Nextbit’s Robin Is Another Pretty Phone–But with Infinite Storage - slewis
http://www.wired.com/2015/09/nextbit-robin/

======
GuiA
I don't want more shit relying on a 1 GBps, sub millisecond latency internet
connection. Even if bandwidth has gotten better in the past decade (although
it's doing so logarithmically), latency is still there no matter what you do,
and sadly the speed of light makes it that no matter what you do, you can't do
NYC-Paris in less than 40 milliseconds. You can use tons of tricks to somewhat
massage that fact, but at the end of the day the physical limit is there.

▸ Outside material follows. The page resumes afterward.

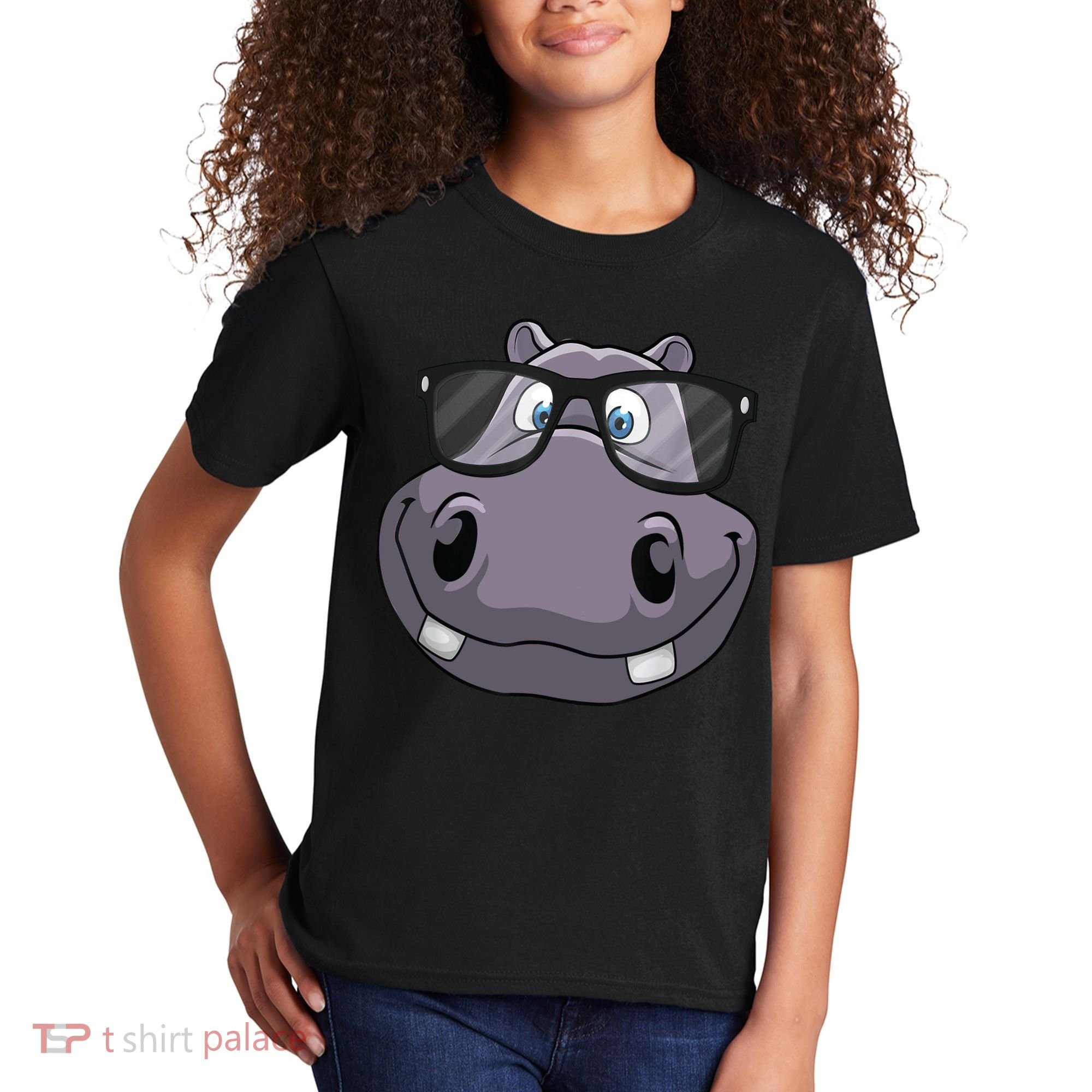 Cool Hippo For Reading Hippopotamus Zoo Kids T-Shirt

Not everyone is living in your Google Fiber bubble. If you're going to design
the cellphone of the future, you probably don't want the base assumption of
your design to be that the user will always be in an area with high bandwidth,
low latency environment, because that represents a minuscule fraction of
cellphone users.

Sadly, that's what happens when all of the startups are based in an echo
chamber - they lose sight of the fact that not everyone has the same
conditions as them. Well, tech has the nice habit of cyclically reinventing
shit, so I'm glad we're going to spend a few years banging our heads against
thin clients again.

Homework reading for the founders and employees of this company:
[https://rescomp.stanford.edu/~cheshire/rants/Latency.html](https://rescomp.stanford.edu/~cheshire/rants/Latency.html)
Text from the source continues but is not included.